The Fund's reliance on Insurance Brokerage is inapt. For one thing, it is far from obvious that Walgreens could not have accomplished the drug-switching scheme on its own by simply purchasing expensive dosage forms from Par and other manufacturers (of which there were apparently several) and filling prescriptions with these expensive dosage forms on its own initiative. Moreover, in Insurance Brokerage, the defendants could not have achieved their goals--namely, fixing a competitive bidding process in order to win insurance contracts at inflated prices--without cooperation that fell outside the bounds of the parties' normal commercial relationships. Companies competing for business in a legitimate market that assigns business through bidding do not disclose their bids to one another in advance. By contrast, while it is true that Walgreens does not make drugs and Par does not fill prescriptions, and that the two companies must therefore "cooperate" in order for drugs to reach consumers, such cooperation describes virtually every prescription pharmaceutical distribution chain. The allegations in the complaint do not indicate how the cooperation in this case exceeded that inherent in every commercial transaction between a drug manufacturer and pharmacy, and without such an indication, we cannot find a basis for inferring that Walgreens and Par were conducting the enterprise's affairs.

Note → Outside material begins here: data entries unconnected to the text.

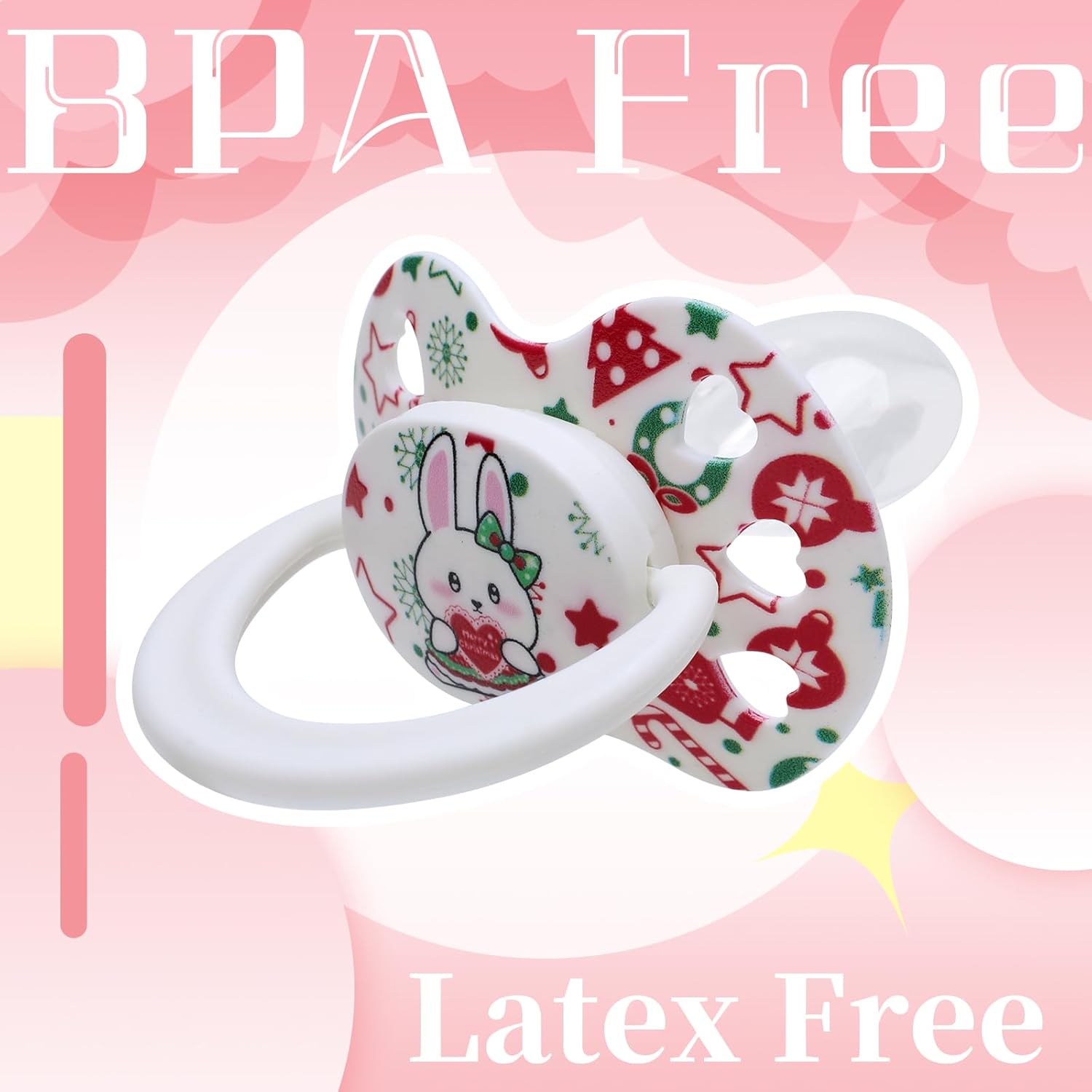 Cute Adult Pacifier for Anxiety Relief: Bigshield Soft Silicone Bunny Paci for Littles - Stress Relief Heart Shaped Binky for Autism Gift White - Image 2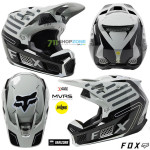 Moto oblečenie - Helmy, FOX motokrosová prilba V3 RS Ryaktr ECE, šedá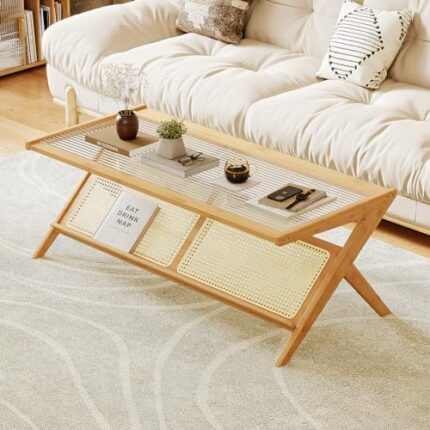 Bamworld Rattan Coffee Table Mid-Century Modern Coffee Table BambooTable with Glass Top for Living Room Office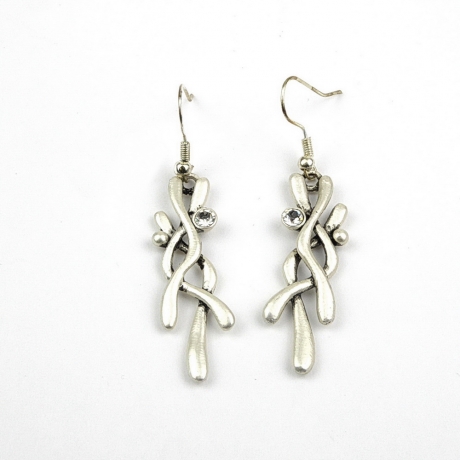 Boucle d'oreille pendante - argent mat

The Fund's failure adequately to allege that Walgreens and Par conducted the affairs of an enterprise is also fatal to its RICO conspiracy claim. Proof of a conspiracy within the scope of RICO requires a showing that: "'(1) the defendant agreed to maintain an interest in or control of an enterprise or to participate in the affairs of an enterprise through a pattern of racketeering activity, and (2) the defendant further agreed that someone would commit at least two predicate acts to accomplish those goals.'" DeGuelle v. Camilli, 664 F.3d 192, 204 (7th Cir. 2011) (quoting Slaney, 244 F.3d at 600); see 18 U.S.C. § 1962(d). Just as the complaint fails to allege that Walgreens and Par acted on behalf of the Hrp enterprise, it equally fails to allege that Walgreens and Par agreed to act on behalf of the enterprise. We have explained that "the touchstone of liability under § 1962(d) is an agreement to participate in an endeavor which, if completed, would constitute a violation of the substantive statute." Goren v. New Vision Int'l, Inc., 156 F.3d 721, 732 (7th Cir. 1998). Having failed to plead facts that would establish a violation of Section 1962(c), the Fund cannot state a claim for conspiracy under Section 1962(d) based on those same facts. See Stachon, 229 F.3d at 677.

The judgment of the district court is Affirmed.